BEGIN

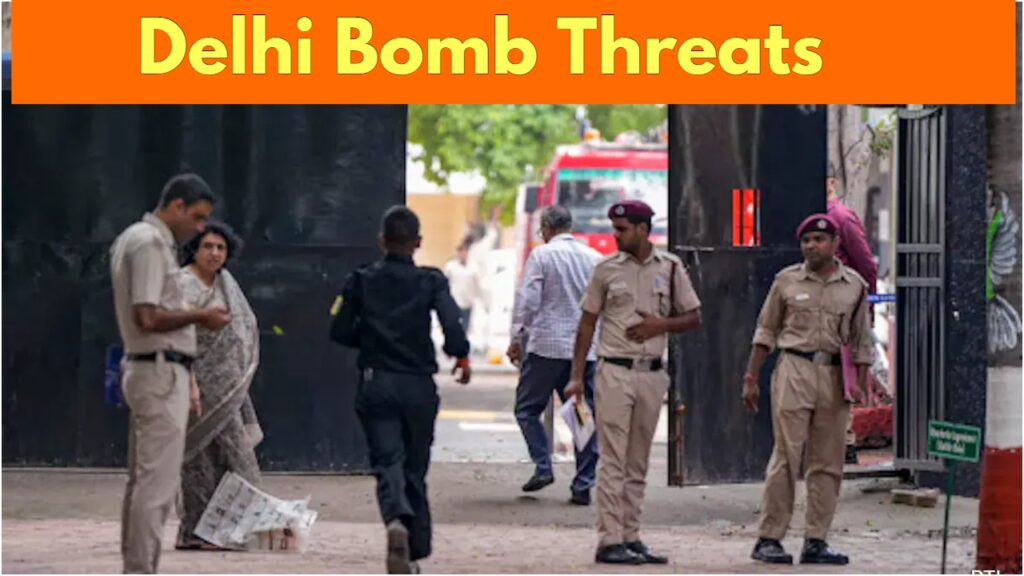 Delhi Bomb Threats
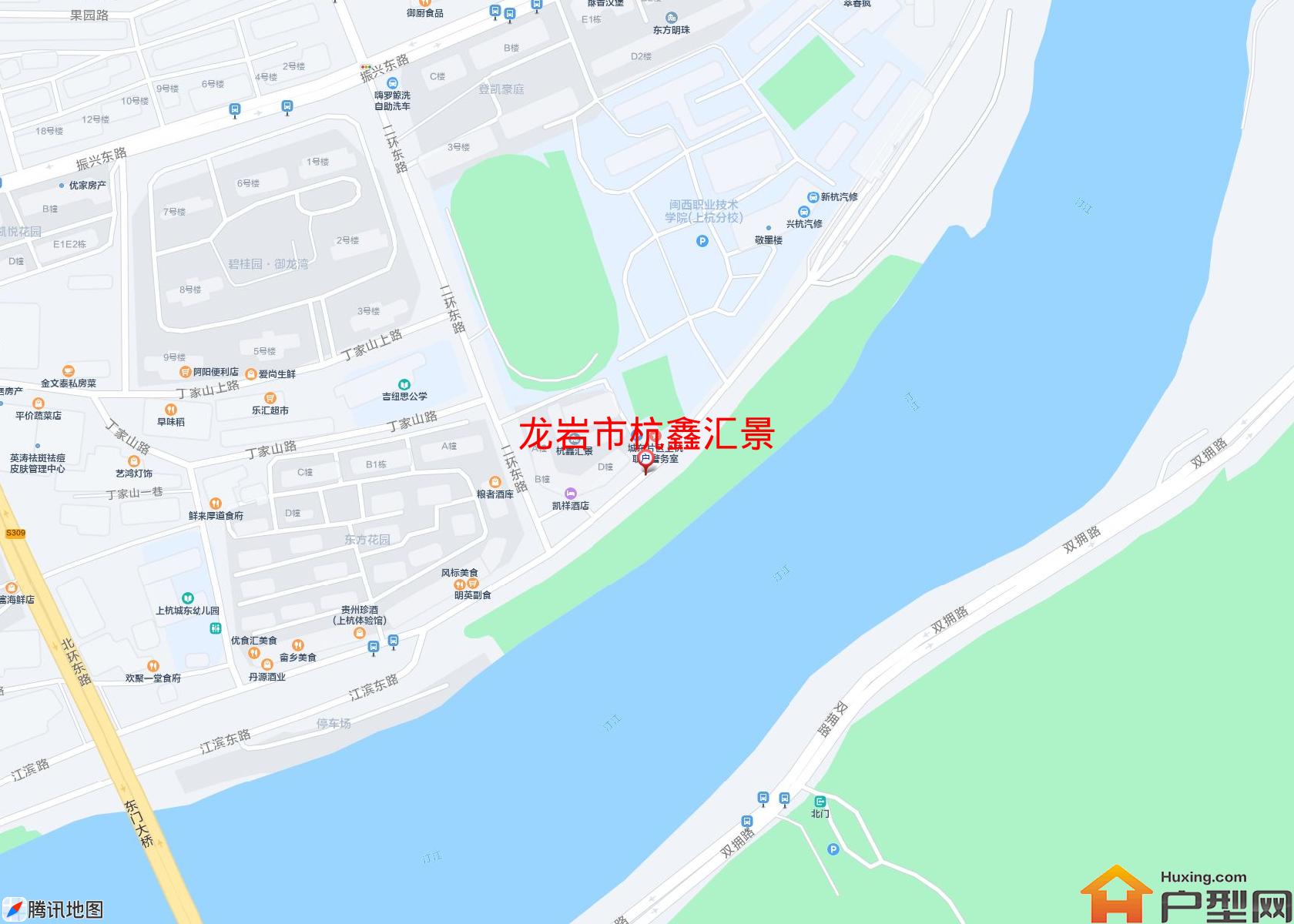杭鑫汇景小区 - 户型网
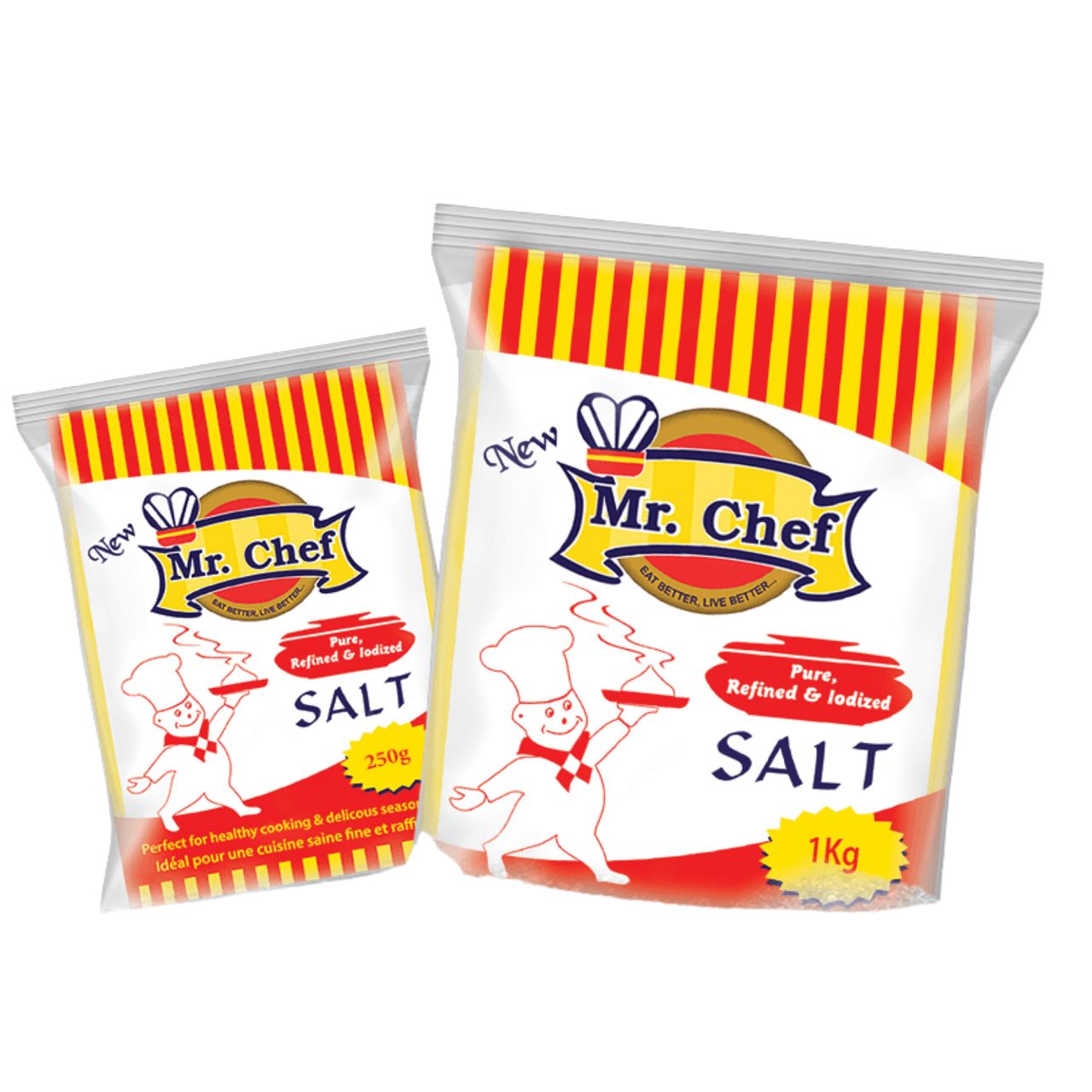 Mr. chef Salt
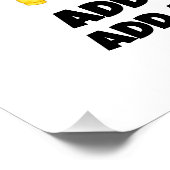 Directe download / fysieke garage verkoop perfect poster (Hoek)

END

# TASK
All lines from the line with "杭鑫汇景小区 - 户型网" through the final line of the data, both included, are to be repeated exactly; no other lines and no pictures.

# COMPLETED EXERCISE
杭鑫汇景小区 - 户型网
 Mr. chef Salt
 Directe download / fysieke garage verkoop perfect poster (Hoek)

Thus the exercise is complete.